- [RECORD EXCERPTS]:
++++++++

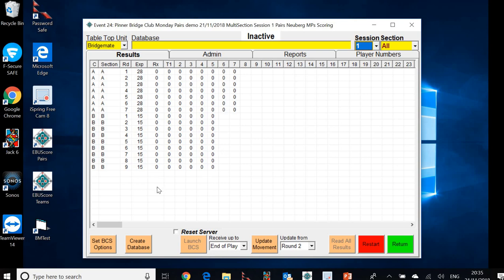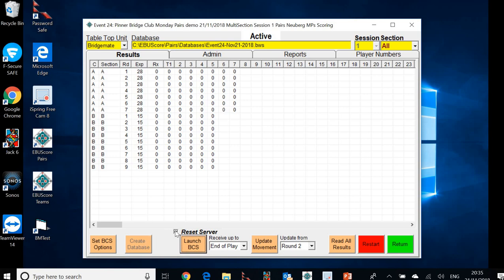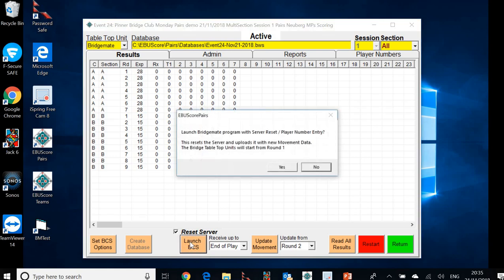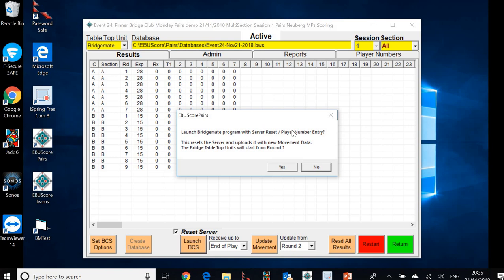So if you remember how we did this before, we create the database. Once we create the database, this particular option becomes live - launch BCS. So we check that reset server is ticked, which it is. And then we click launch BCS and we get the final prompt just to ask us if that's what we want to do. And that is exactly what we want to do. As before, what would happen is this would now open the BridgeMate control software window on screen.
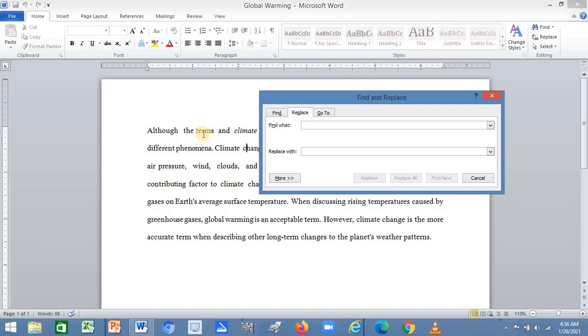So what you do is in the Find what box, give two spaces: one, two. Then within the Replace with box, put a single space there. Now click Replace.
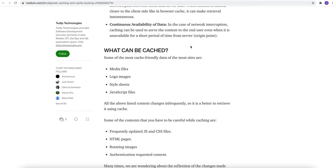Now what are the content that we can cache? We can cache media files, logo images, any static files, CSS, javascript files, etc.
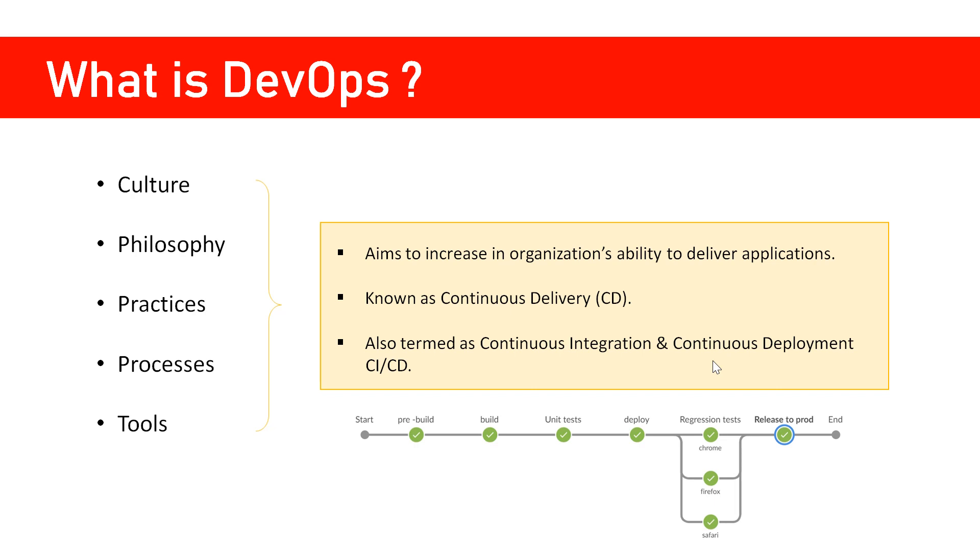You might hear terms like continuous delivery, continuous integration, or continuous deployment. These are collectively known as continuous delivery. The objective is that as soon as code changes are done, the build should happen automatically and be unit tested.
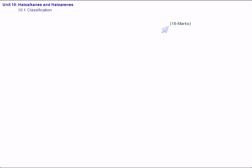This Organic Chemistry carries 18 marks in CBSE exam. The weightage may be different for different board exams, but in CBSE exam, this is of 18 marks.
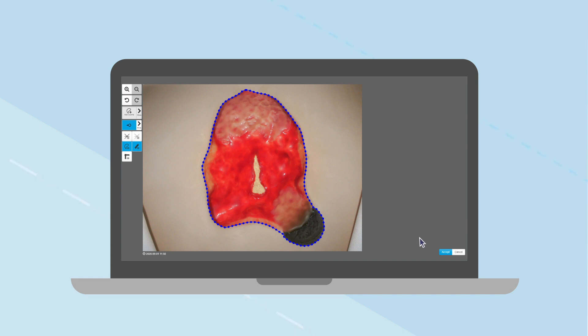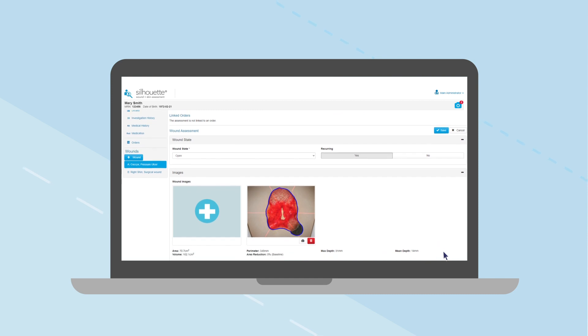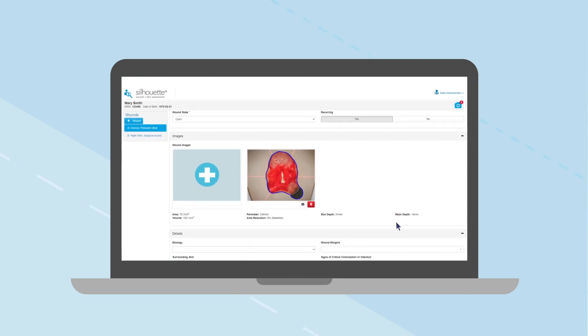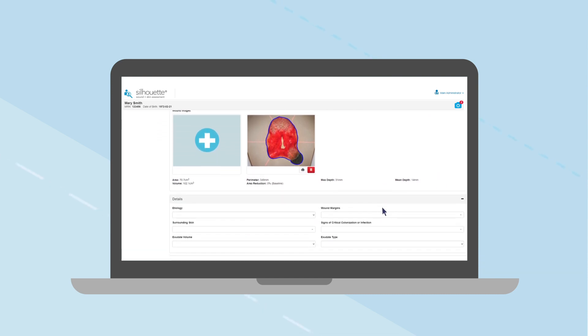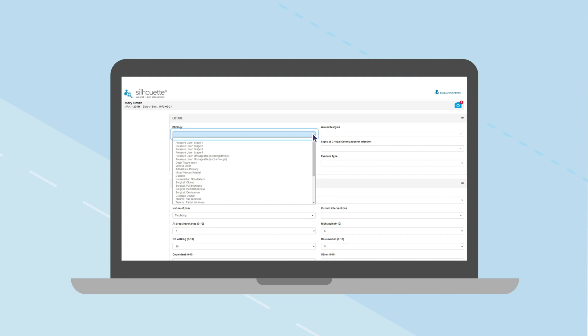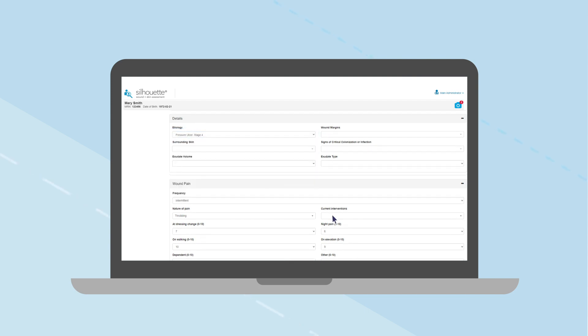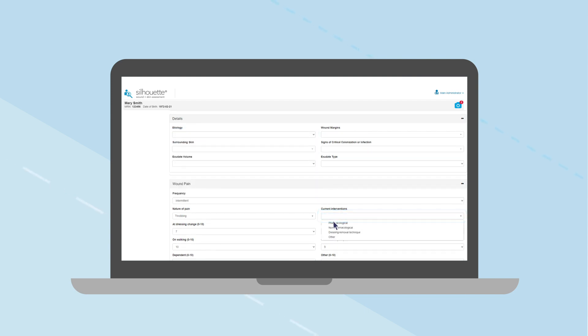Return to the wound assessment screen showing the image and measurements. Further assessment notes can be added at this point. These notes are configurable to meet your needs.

++++++++

- [WORK REQUIRED]: Nothing but the lines from the line with "This Organic Chemistry" through the end of the listing should appear in the answer, each duplicated exactly, without pictures.

- [WRITTEN SOLUTION]:
This Organic Chemistry carries 18 marks in CBSE exam. The weightage may be different for different board exams, but in CBSE exam, this is of 18 marks.
Return to the wound assessment screen showing the image and measurements. Further assessment notes can be added at this point. These notes are configurable to meet your needs.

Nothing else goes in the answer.